Angelina’s wedding gown a gross display of parenting run amok! AGREE?!?!

Picture the scene: Luigi Massi, master tailor for Atelier Versace, gets the call he’s been waiting for his entire career. Yup, it’s the Big One! It’s Angelina Jolie asking him to make her wedding dress! Opportunity knocks!

But no sooner does Signor Massi hop to it and present his boss Donatella’s magnificent designs to the beautiful bride, than the world-famous thespian, earth mother, humanitarian and all-round bonkers chick throws a wrench in the works.
“Vivienne, Knox and, indeed, all six of our children are such wonderful artists,” breathes Jolie, proudly wielding a finger painting of a hungry caterpillar. “And what better place to reflect their creative talents than my gown?”

At this point, Massi would have been forgiven for sobbing hysterically. The official line, however, is that he was only too happy to sew a random assortment of motorbikes, Eiffel towers, mouse-like creatures and other “charming” artwork onto the train and veil of Jolie’s silk frock.

While die-hard Brangelina fans are mooning sentimentally over this “exquisite expression of family love and dedication,” the rest of us are reaching for the sick bucket. MORE after the cut It’s one thing to assign your munchkins the traditional roles of page boy or flower girl, but trust uber-couple Brangelina to take it to the next level. The kids wrote the vows (we can only hope were less cringe-worthy than Brad and Jen’s in 2000, in which he promised to let her control the thermostat and Jennifer Aniston pledged to “always” fix him a banana milkshake). Ten-year-old Pax was even tasked with baking the cake, Jolie tells People, which bought exclusive US rights, alongside international partner Hello! magazine, to the “intimate” Aug. 23 nuptials in Correns, France. The ceremony was “an unusual situation” with “all eight of us getting married,” adds Jolie.
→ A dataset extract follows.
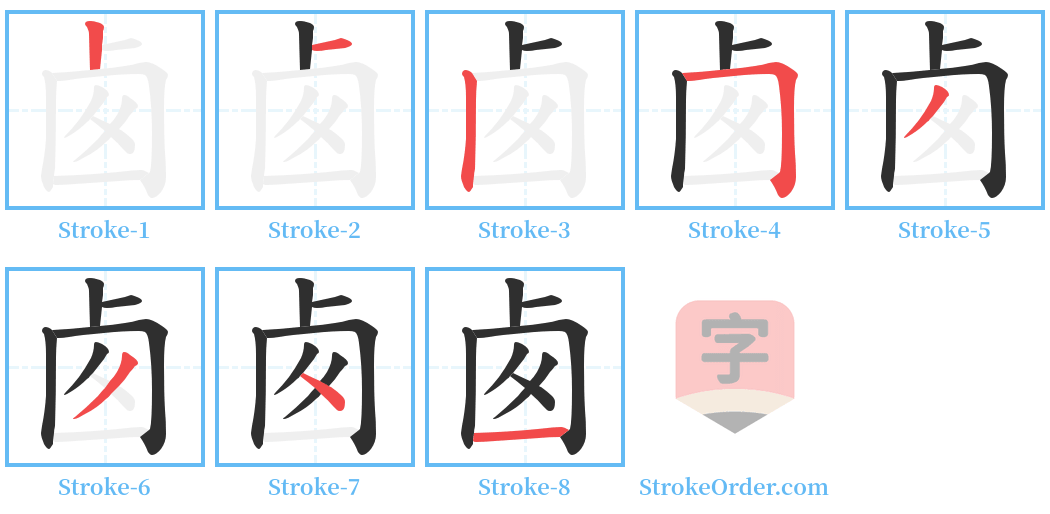 卥 Stroke Order Diagrams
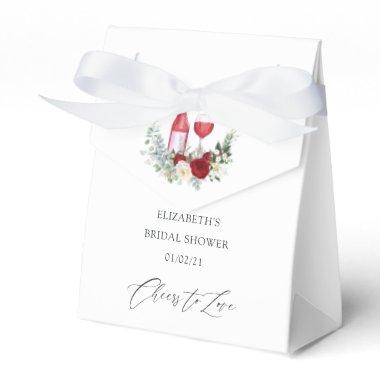 Boho Burgundy Floral Wine Tasting Bridal Shower Favor Boxes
The Jolie-Pitts are no strangers to taking the whole attachment parenting thing to extremes, blithely trotting the globe to bring attention to various international issues, tribe in tow. In 2007, they bought an 11-ft.-wide bed to accommodate them and their four children at the time, and, in 2008, when Angelina was pregnant with twins Knox and Vivienne, their unruly older kids reportedly trashed the villa they were loaned by Microsoft co-founder Paul Allen because they were allowed to run wild.

At the time, Angelina shrugged and told Marie Claire: “Artists raise their children differently.”

Proving once again that family comes first, the pair are flying in the face of tradition by taking their kids on their honeymoon.

Except it’s a “working” honeymoon. The couple are set to start filming “By The Sea” in Malta this week. It’s their first onscreen reunion since 2005’s fateful “Mr. & Mrs Smith,” where they met.

Insiders reveal the newlyweds are at least holing up in a separate luxury villa — albeit a short walk from the place where their brood is staying with the usual entourage of drivers, nannies and bodyguards.

What more can we expect from their campaign to be the world’s most inclusive parents, whose kids need to share in their every experience? If Brad and Angelina do manage to snatch a few moments alone, get ready for an awfully crowded delivery room nine months from now for Baby No. 7.